Repeat all of the data below word for word, keeping no images.

**INFORMATION SHOWN**
»»

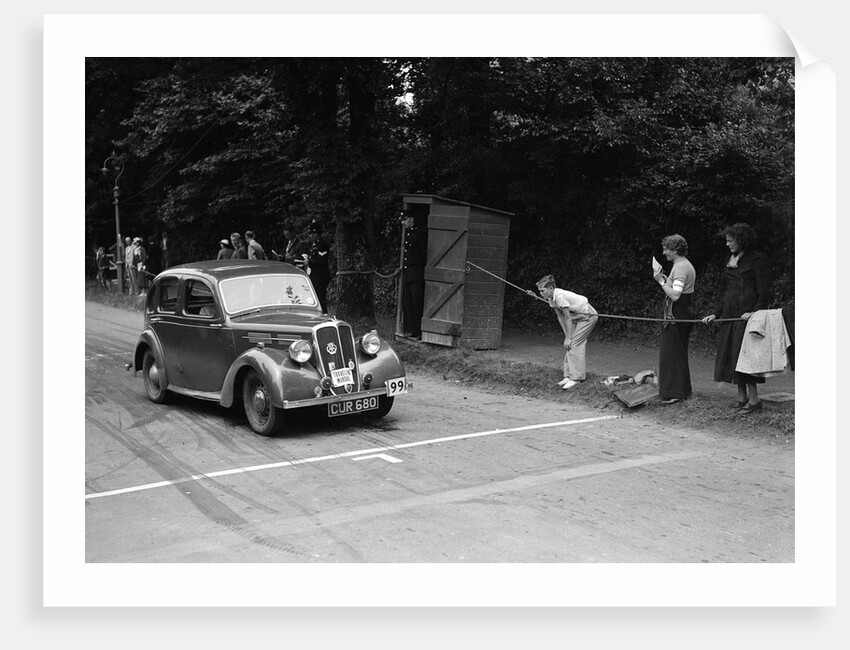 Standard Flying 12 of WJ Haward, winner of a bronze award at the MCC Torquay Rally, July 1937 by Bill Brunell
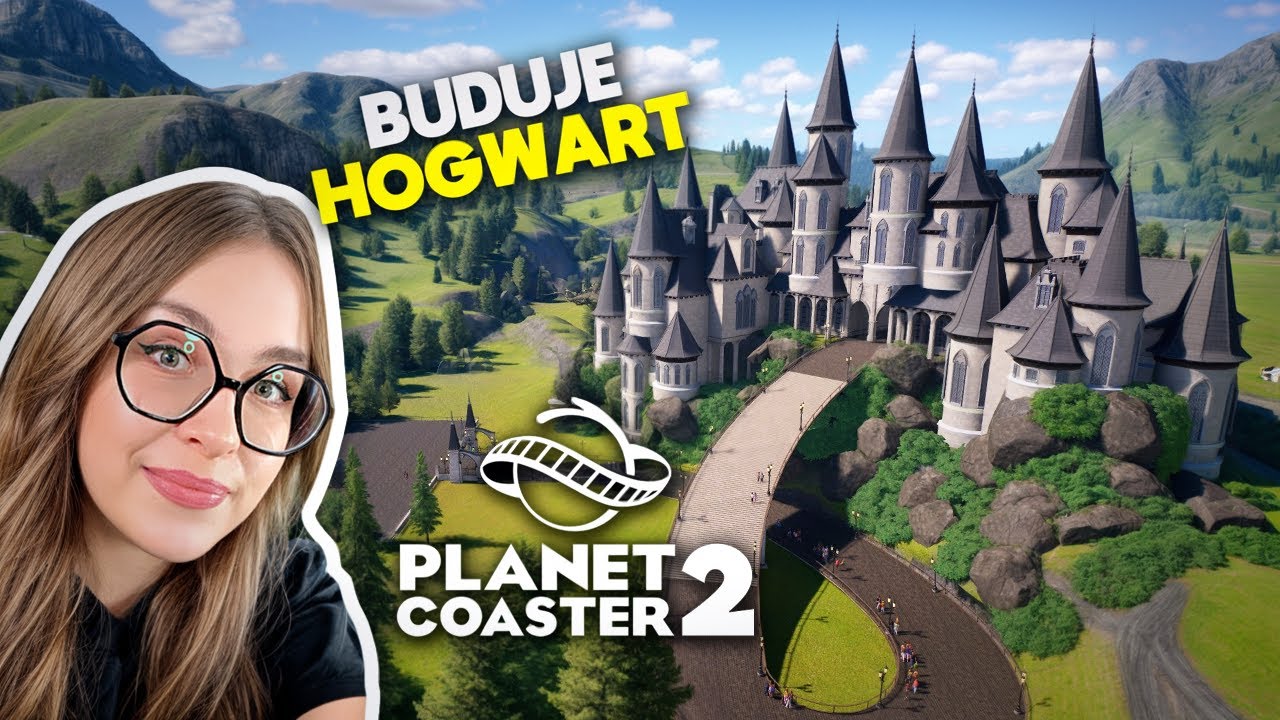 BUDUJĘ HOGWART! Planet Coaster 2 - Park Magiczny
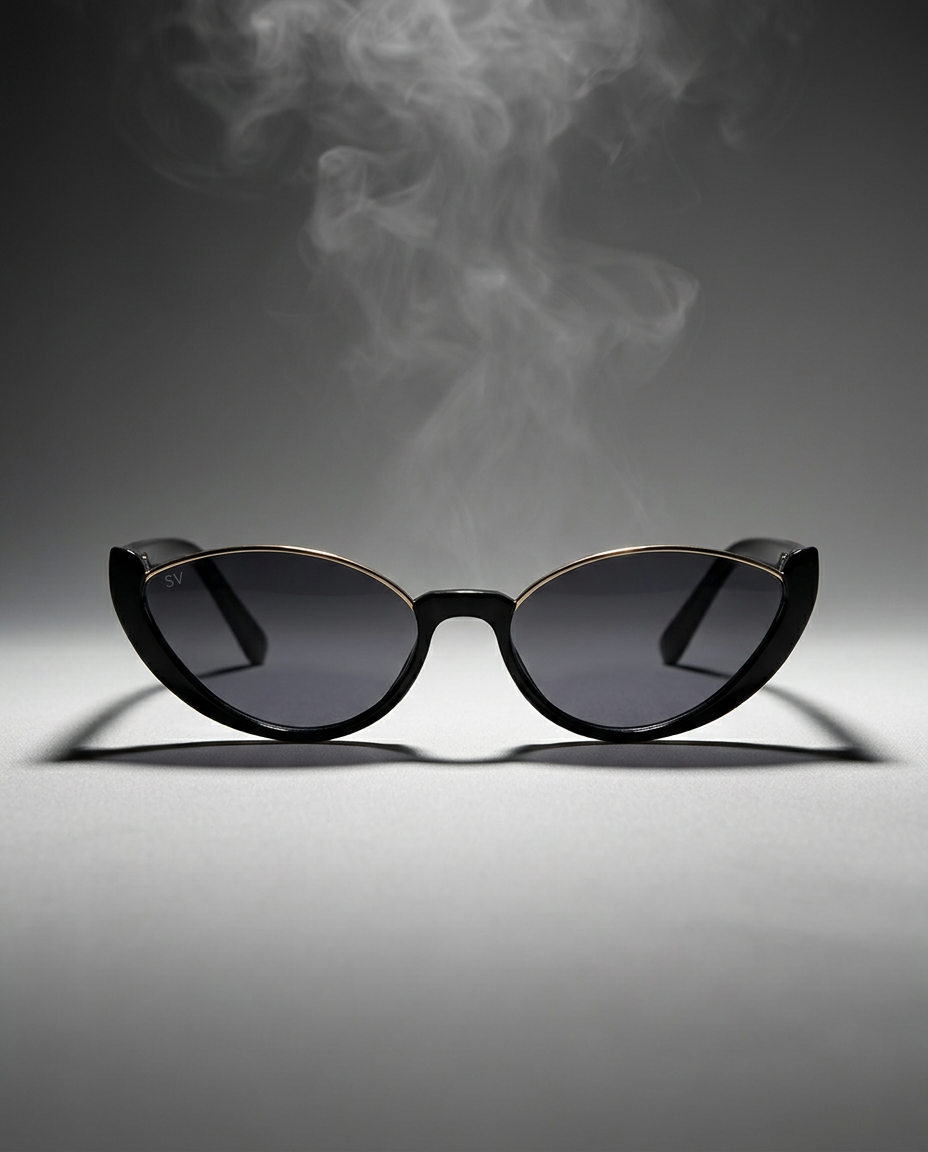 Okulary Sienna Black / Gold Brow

««

**SOLUTION TO THE PROBLEM**
 Standard Flying 12 of WJ Haward, winner of a bronze award at the MCC Torquay Rally, July 1937 by Bill Brunell
 BUDUJĘ HOGWART! Planet Coaster 2 - Park Magiczny
 Okulary Sienna Black / Gold Brow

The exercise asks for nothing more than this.